Justamente, es una de las frases más famosas de Fitzgerald la que describe en una línea a los personajes que aparecen en los cuentos de Yates. En Crack-up, su ídolo literario escribe “toda vida es un proceso de demolición”. Y es ese continuum en el andar de diferentes hombres y mujeres, esa parábola que puede terminar abajo o arriba o en lo más alto del bajo fondo, lo que logra captar Yates con su cálida prosa. En “José, estoy tan cansada”, el cuento inaugural de Mentirosos enamorados, una escultora amateur es convocada por contactos y azar para modelar la cabeza de Franklin D. Roosevelt. Con el contexto de la Gran Depresión de fondo, Yates narra el auge y caída y, sobre todo, la entereza de una mujer que derrapa con elegancia. Lo mismo sucede en “La prueba” y en “Una chica natural”, en donde Elizabeth y Susan, se desmarcan de relaciones -amistosas y amorosas, respectivamente- que sólo se sostienen por el goce perpetuo al fracaso.
Al igual que Cheever o Alice Munro, Yates en sus cuentos no enfrenta de inmediato a los personajes al conflicto o al drama que deben desenredar. En las primeras páginas los presenta con morosidad, atento a sus deseos, condiciones y características, como si estuviera contando la precuela de la historia que los tendrá como protagonistas. Yates quiere a los personajes de su literatura, los respeta mediante el afecto; sin embargo no es complaciente con ellos aunque los empuje a situaciones penosas; tal como ocurre en el cuento “Mentirosos enamorados”, donde el norteamericano Warren Mathews ensaya un duodécimo tipo de soledad en la periferia de Londres, al convivir con una prostituta que tiene el don de la mentira.

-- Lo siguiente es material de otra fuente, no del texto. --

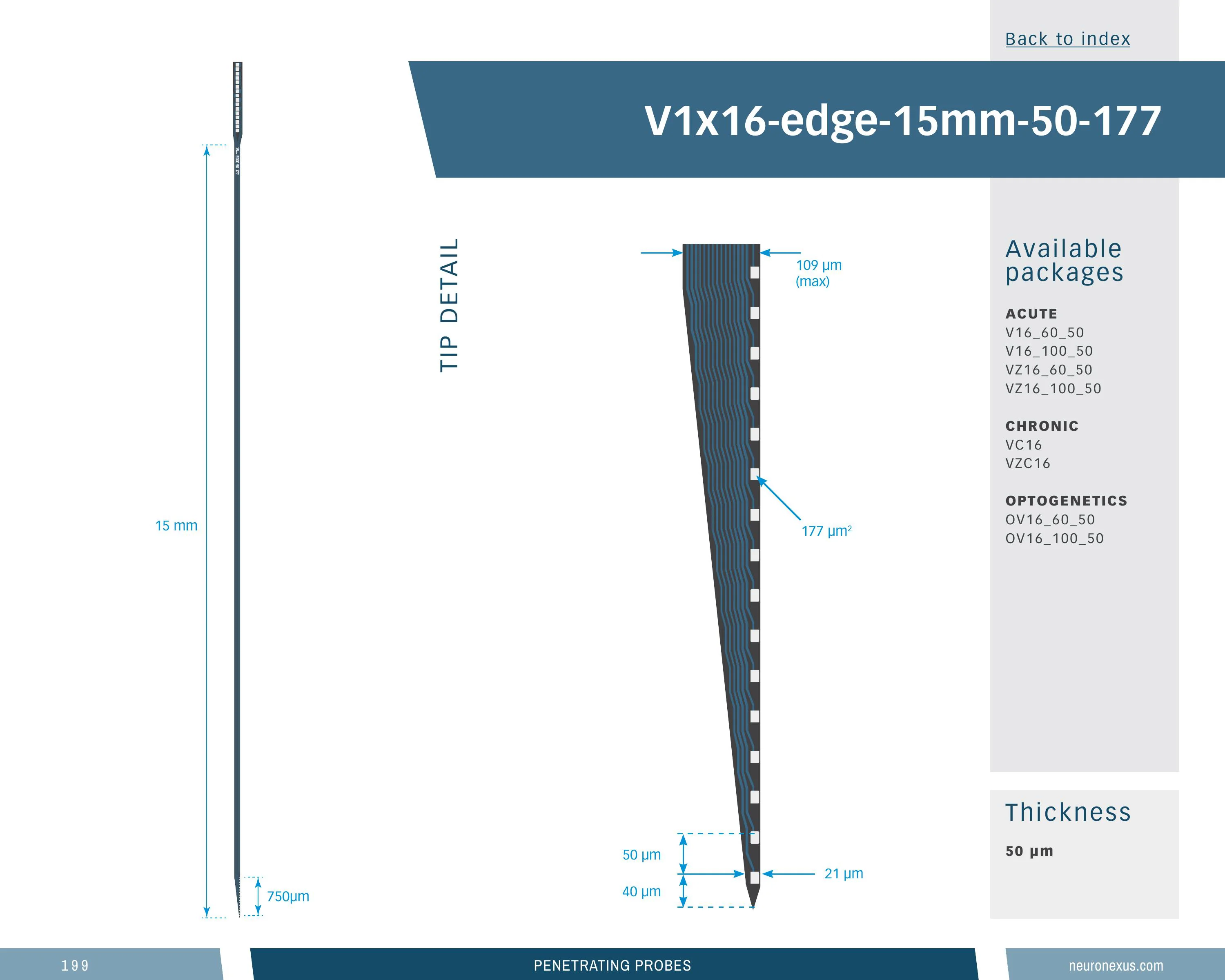 NeuroNexus V1x16 Edge 15mm 50 177 probe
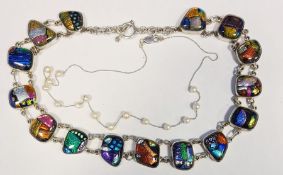 White metal necklace decorated with enamel and another (2)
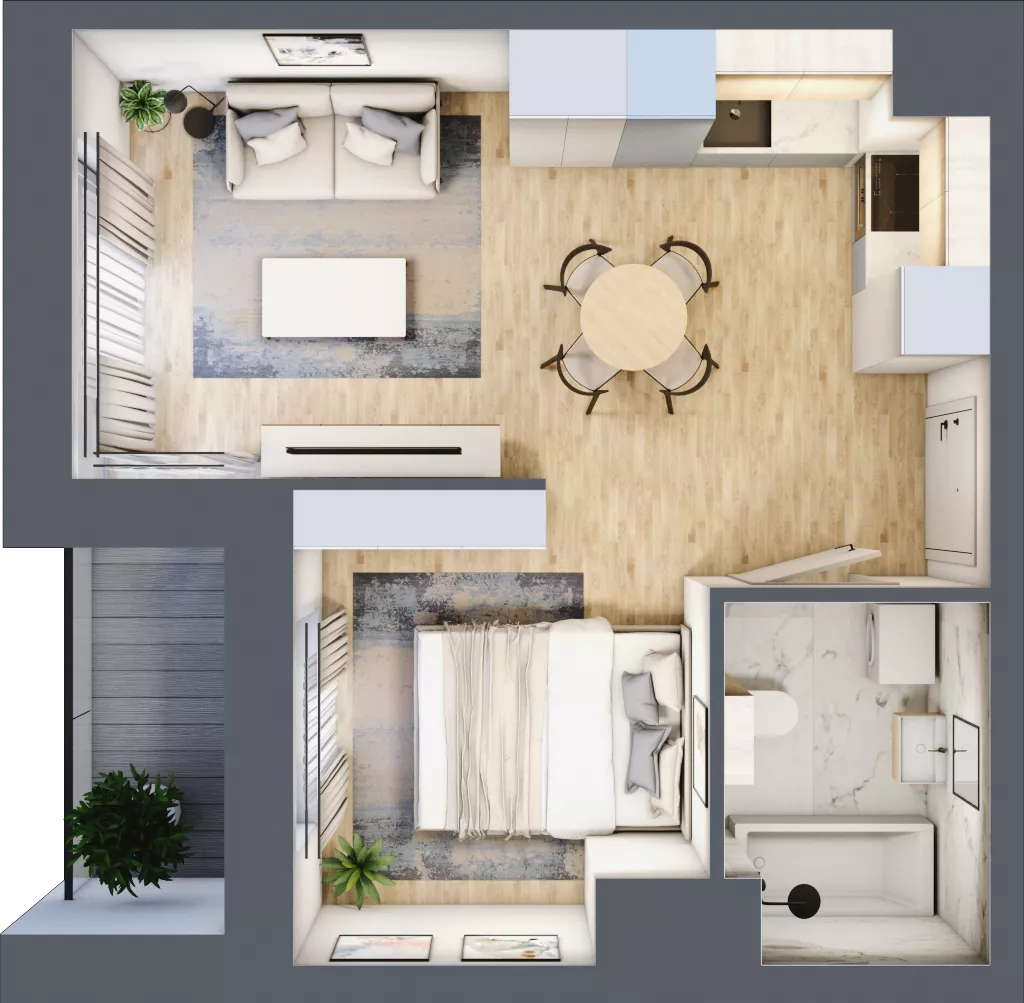 1 pokój, mieszkanie 32,92 m², piętro 2, oferta nr A1/02/32, WUWA Vita II, Wrocław, Żerniki, Fabryczna, ul. T. Brzozy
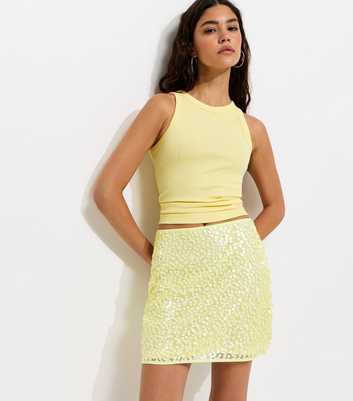 Yellow Sequinned Mini Skirt
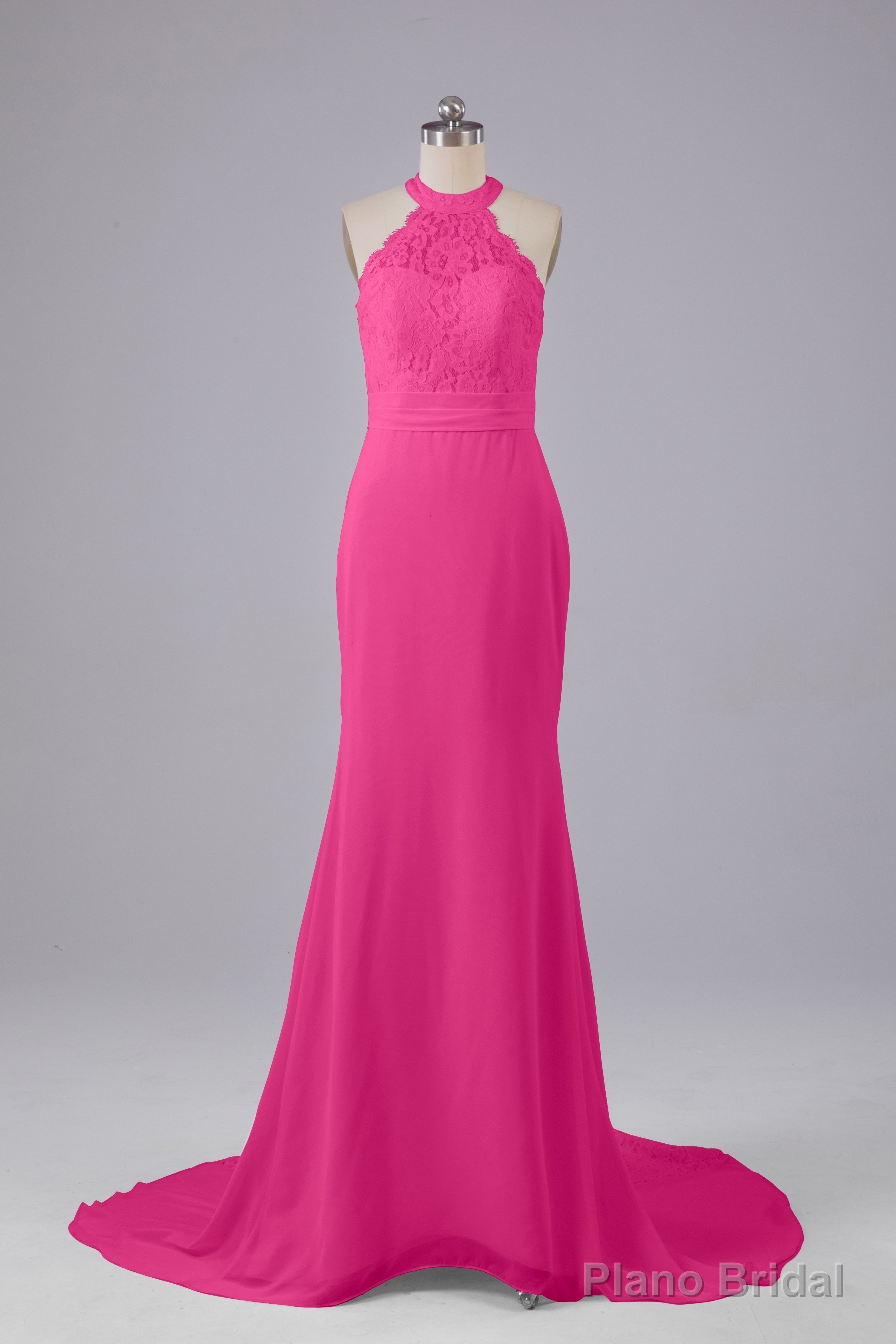 Elegant Halter Court Train Bridesmaid Dresses Main image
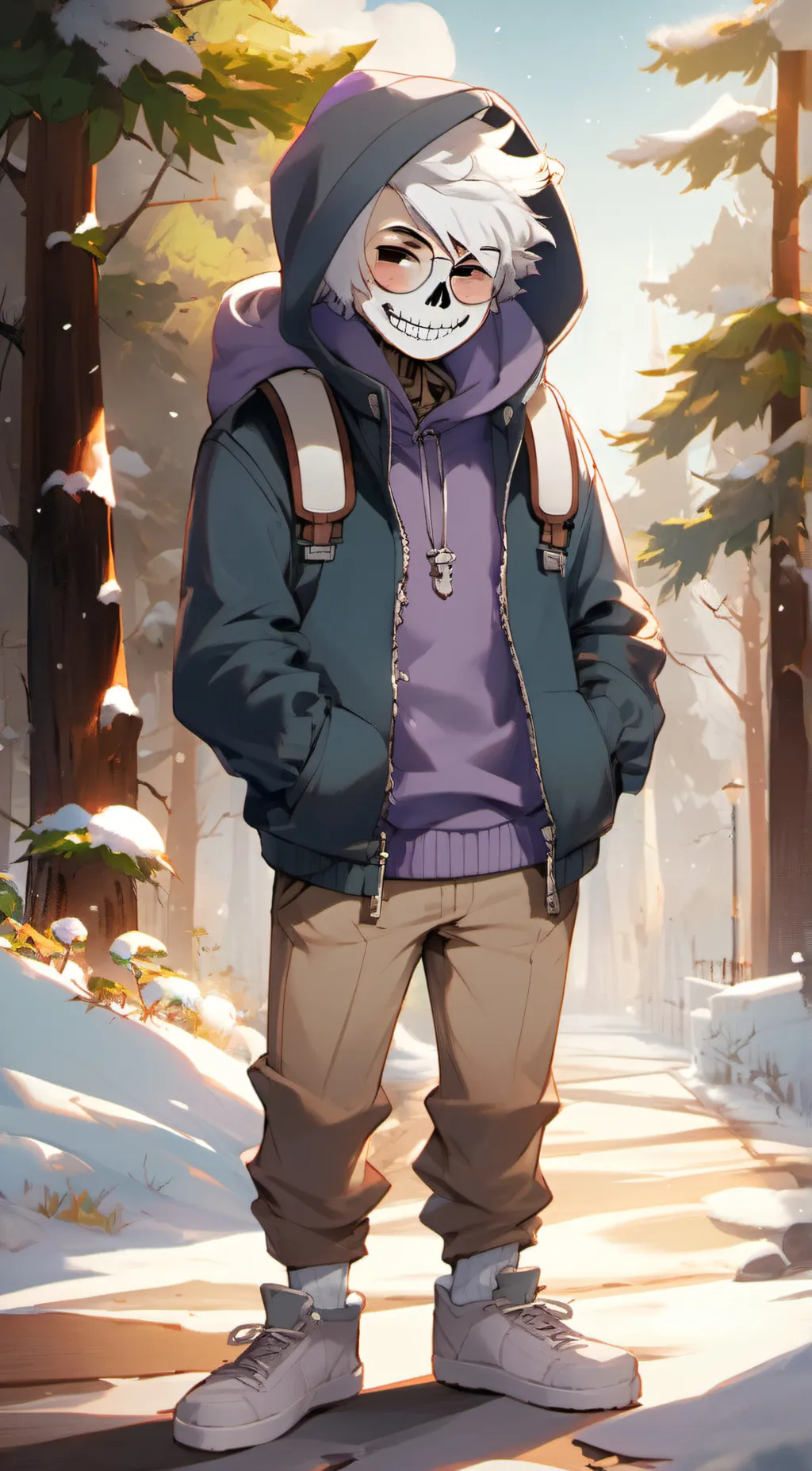 ai character: Anxiety Sans background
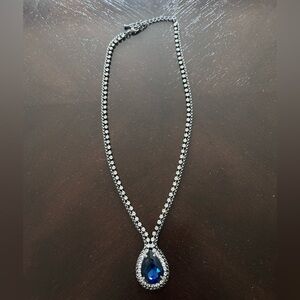 Blue and Silvertone  Teardrop Pendant Necklace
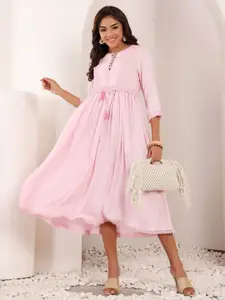 all about you Women Tie-Up Neck Fit & Flare Three-Quarter Dress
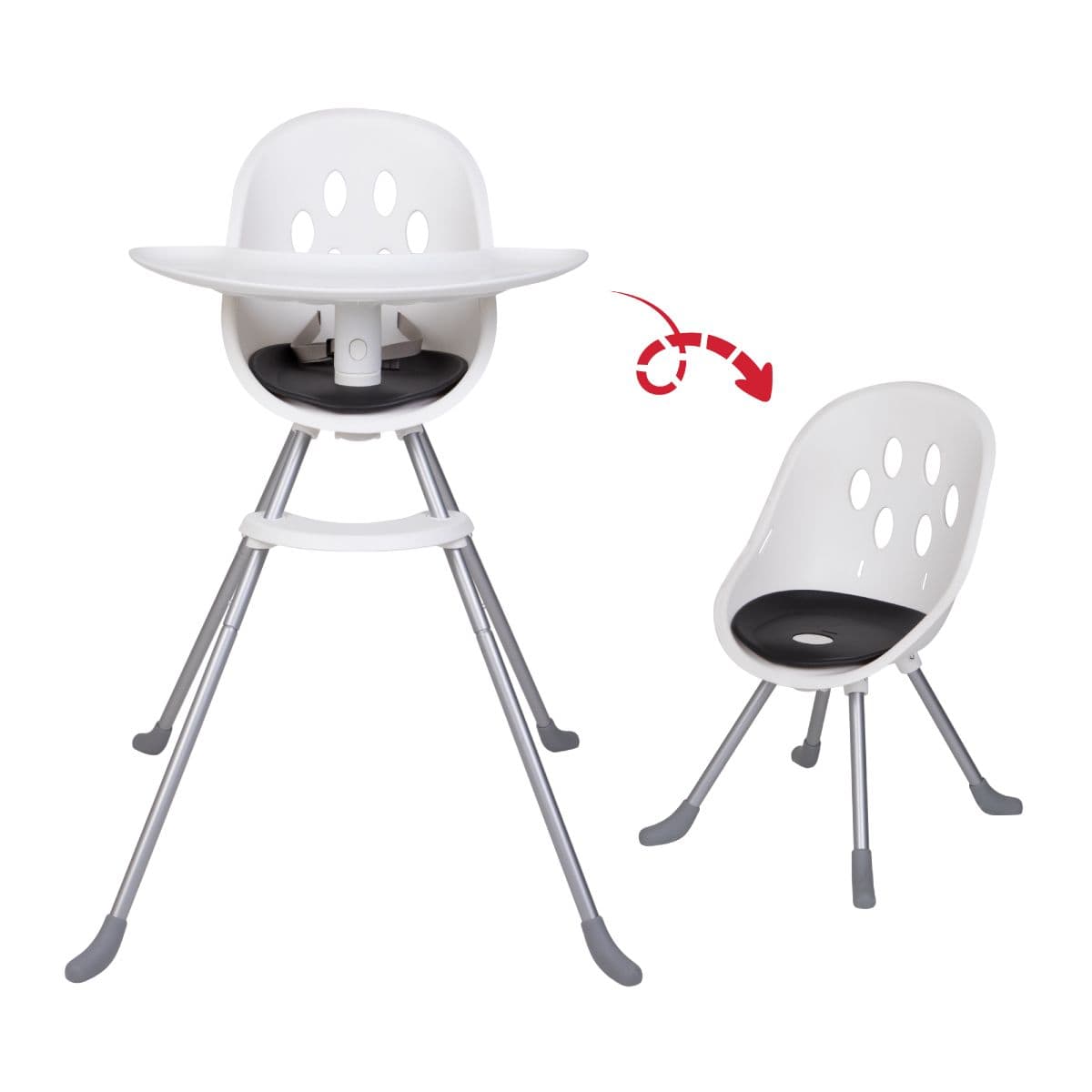 Phil&Teds Poppy Metal High Chair - Adjustable Baby Feeding Chair with Safety Harness & Easy Clean Tray for Home & Restaurant Use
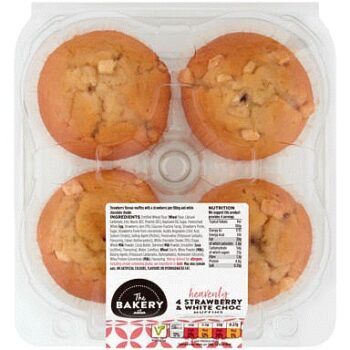 The BAKERY at ASDA The Bakery 4 Strawberry & White Choc Muffins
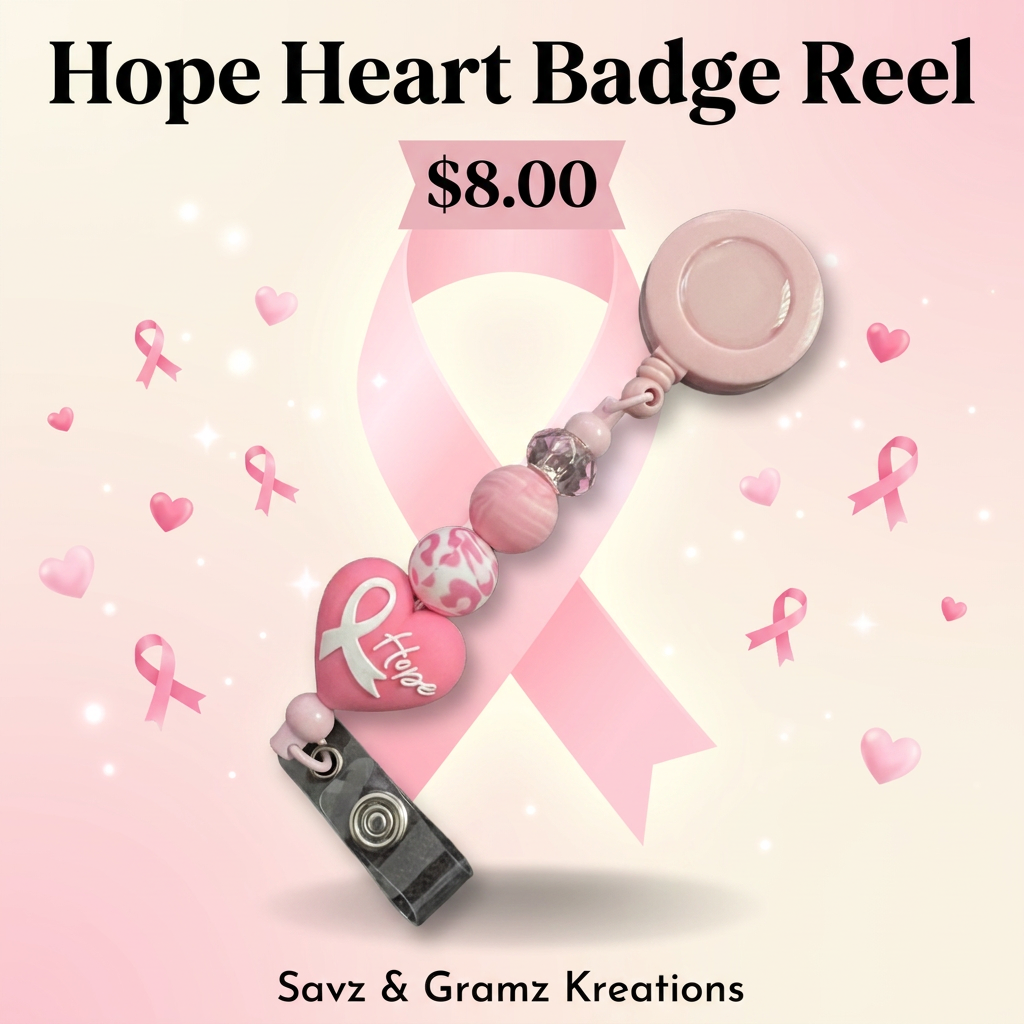 Pink Hope Heart Breast Cancer Awareness Badge Reel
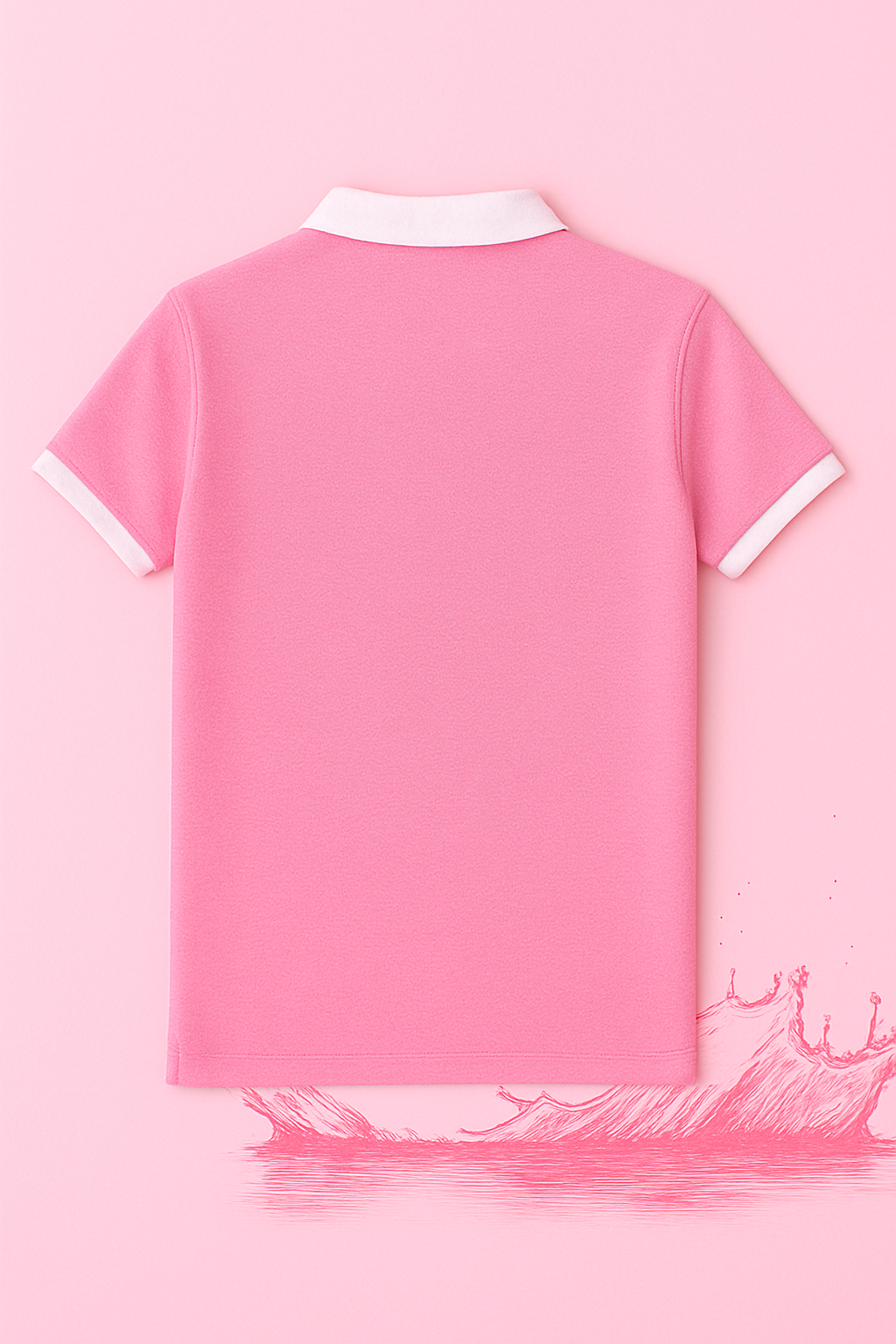 New Baby Pink Polo T-Shirt | White Collar & Cuffs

Otra de las virtudes de Yates es que logra narrar vidas ajenas, de distintos géneros y clases sociales. Su método es la observación profunda, no la mera etnografía. Y a ese pozo profundo que es cualquier vida, nos lleva con un humor suave, invisible. Así, al terminar cada cuento, sus lectores nos quedamos “con esa sonrisita estúpida que a veces se ve en la gente que mira accidentes en la calle”. Eso es lo que hace Yates en su literatura: escribe sobre accidentes de gente común, de “vagabundos del arte”, de veteranos de guerra, de amores rotos, de escritores que pasan más tiempo sujetando botellas que novelas. Hechos ordinarios que en su prosa marcan lo extraordinario de toda vida; acontecimientos que al atravesarlos nos dejan la sensación de que al final el tiempo todo lo acomoda, o no.